──────── DATASET CONTENT

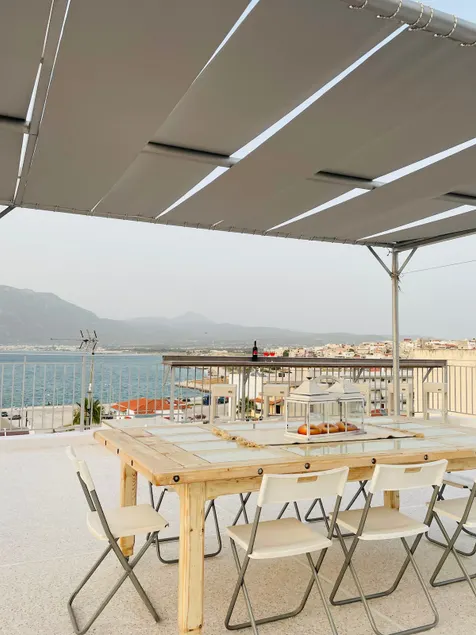 Kapsalakis Penthouse - Image 1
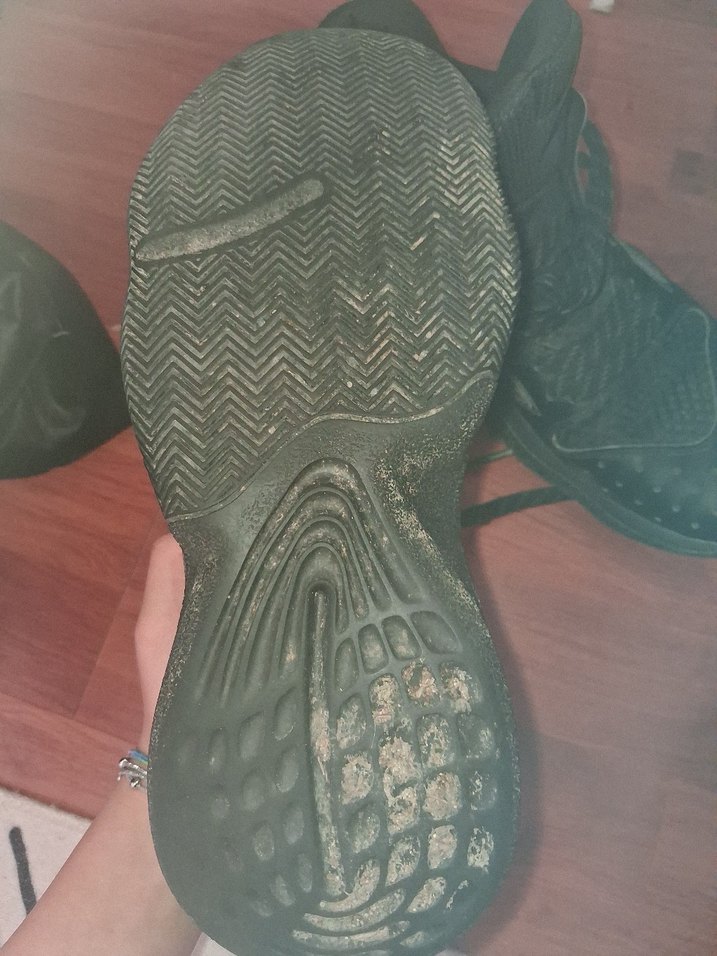 adidas basketbol ayakkabısı - Görsel 5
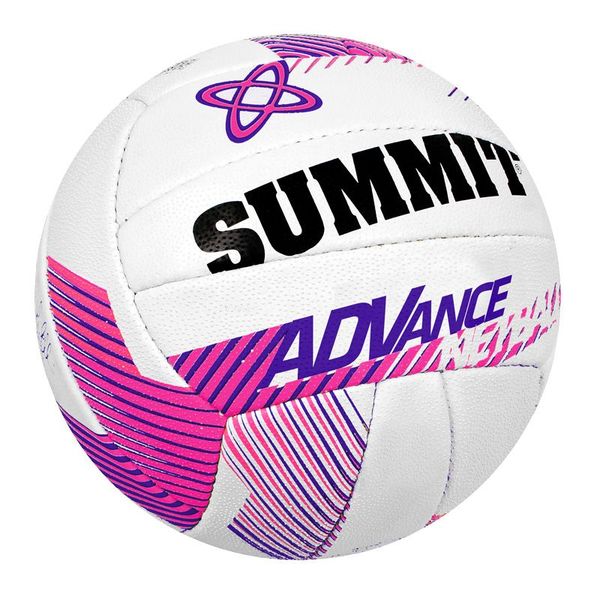 Summit Advance Netball (Size:5)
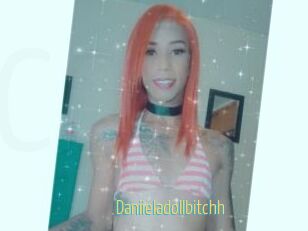 Daniieladollbitchh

────────────────

__WHAT YOU HAVE TO DO__
Output the full listing verbatim, but drop the images.

__RESPONSE TO THE EXERCISE__
 Kapsalakis Penthouse - Image 1
 adidas basketbol ayakkabısı - Görsel 5
 Summit Advance Netball (Size:5)
 Daniieladollbitchh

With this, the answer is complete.